Nice looking rig. I would hate to see myself trying to maneuver it though.


----------



## Al Hansen (Sep 7, 2007)

Maneuvers well. I'm just getting to old. My wife and I have really enjoyed this boat.


----------



## johnrr65 (Nov 7, 2019)

Nice


----------



## Al Hansen (Sep 7, 2007)

SOLD


----------



## Vanilla (Dec 11, 2009)

Someone got a great boat.


----------



## Al Hansen (Sep 7, 2007)

Yes she did. The guy that came up and bought it said he and his wife had been looking for awhile. Every time they would find one it would sell before they got there. She found the add and got him going. I had another buyer waiting to see if it would actually sell , he was waiting at the mall to get a call. Had to dissappoint him.
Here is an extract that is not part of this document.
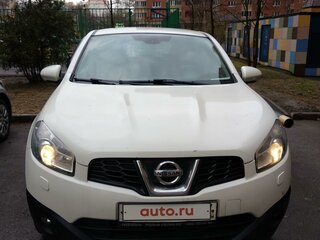 2013 Nissan Qashqai I Рестайлинг, белый, 1050000 рублей, вид 2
I've gotten to old with all the back, shoulder ,lung and heart issues to row the Green like I used to. It was a sad day to let that boat go but it was also rewarding to see a new enthusiastic family want it.


----------



## Vanilla (Dec 11, 2009)

I actually considered calling the second I saw the listing, then I remembered I don’t have anywhere to keep it! Oh well...one day.


----------